* * *
Если бы усомнился кто в мастерстве нашего Создателя, их сомнения скоро бы развеялись, понаблюдай они за работой горстки простых, проще некуда, людей, мужчин и женщин. В предрассветной мгле они распрягали упавшую лошадь. Отцепили оглоблю, ту, что была сверху, это было не сложно, и теперь трудились, вытаскивая вторую оглоблю из-под лошади. Все понимали, что произошло: кобыла, недавно подкованная, поскользнулась на залитой дождем брусчатке. Джейн Танли поглаживала шею кобылы, успокаивая, утихомиривая и понукая держать голову как можно прямее, а в это время Хэрри Картер и Джон Хадлоу возились со сбруей, извлекая вслепую постромки и пряжки из-под лошадиной туши. “Пряжка на шлейке ослаблена!” — докладывал один. И следом второй: “Чересседельник отстегнут! Оглобля вынута!” Их ловкие пальцы вызволили животное. Придай Господь мужчинам и женщинам форму погрубее, они бы отцепили лошадь от повозки с помощью топора, расколов повозку, либо заставили лошадь подняться вместе с повозкой, что навредило бы и той и другой.

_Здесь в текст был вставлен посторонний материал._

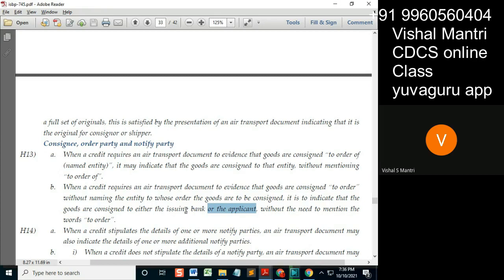Whatever LC rules are given, if you are in the issuing bank, always try to see that the document is issued to order of the issuing bank — not to the applicant. In any document, it should not be consigned to the applicant directly, because you have to get the money from the applicant. Otherwise, the applicant will take the goods and leave, and you'll have to pay from your pocket to the beneficiary.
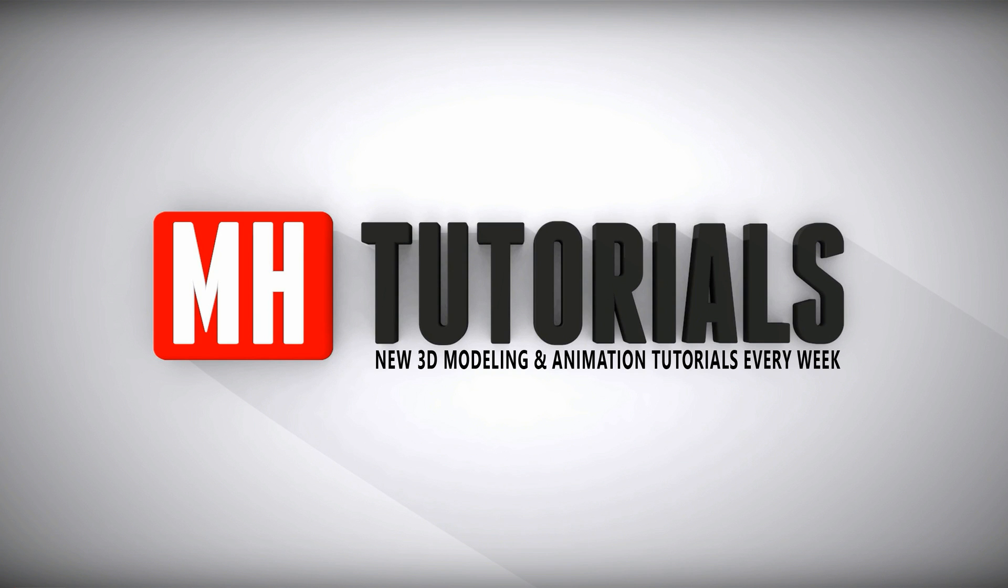Thanks for watching. And before you go, please hit that MH button to subscribe. See you guys next time. Bye.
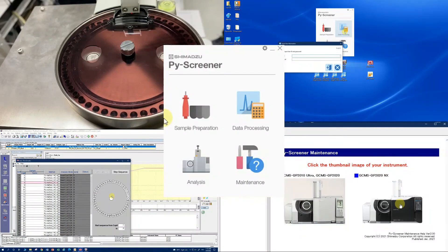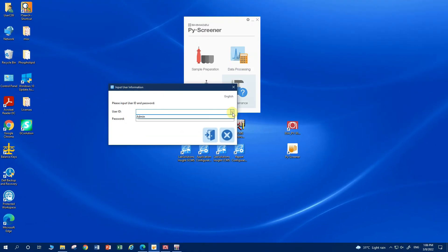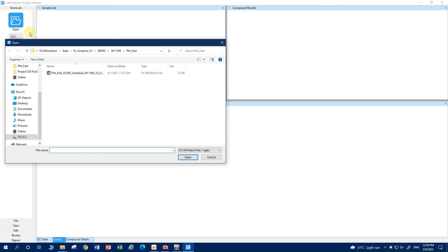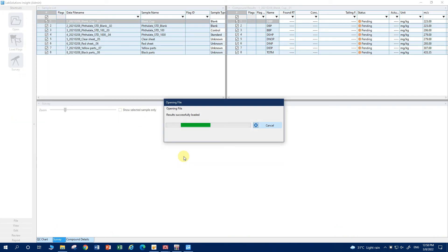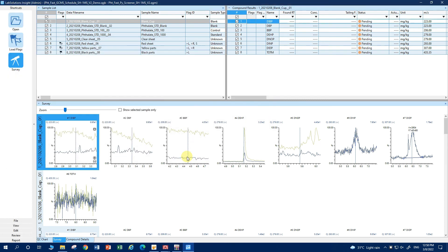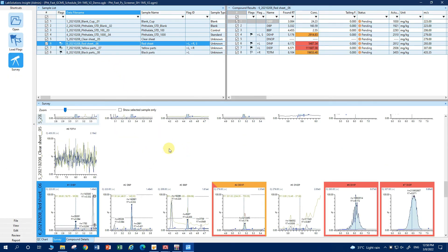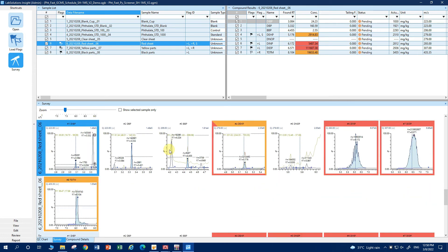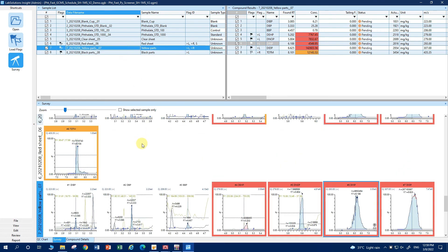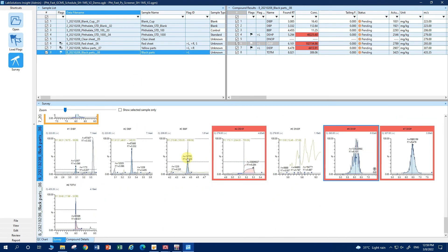Once sample analysis is completed, users can click on the data processing icon to load the software for data processing. Then load the batch table used for sample analysis, followed by the flag files developed by Shimadzu. With the flag function, any QC standard or sample that fails the screening criteria will be highlighted with a striking color. The software has been designed to be more intuitive, allowing users to quickly identify failed samples from many samples.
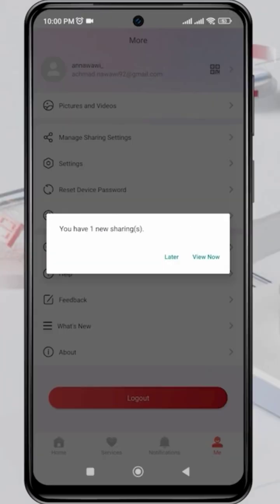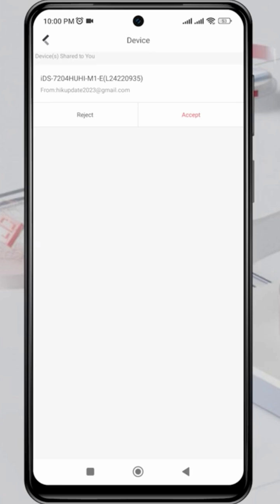On the second phone, there will be a notification on the HIT Connect application saying you have one new sharing. Click View Now to see the notification. Click Accept to proceed.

Но эти люди были ловкими, бережными и умели думать наперед, и когда Хадлоу объявил, что повозка отцеплена, Джейн Танли велела помощникам сторожить на дороге, зная, что кобыла, встав на ноги и ощутив себя свободной, помчится во весь опор. Так и случилось. Но Моррис Холл и юный Том Хадлоу отловили лошадь, остановили и ощупали ее лопатки, бока и ноги, проверяя, не изранена ли она. Тем временем несколько мужчин и женщин поставили повозку на колеса и также осмотрели на предмет поломок, сразу подметив: ось слетела и колесо треснуло, боковые бортики отвалились. Однако починить повозку можно, говорили они. Пустые кувшины поставили в линейку вдоль дороги, а тут и Тауншенд прискакал из своего поместья, лицо его было скорее озабоченным, нежели сердитым, и затем повозку и колеса понесли в сараи на починку. Разве что ось не подобрали.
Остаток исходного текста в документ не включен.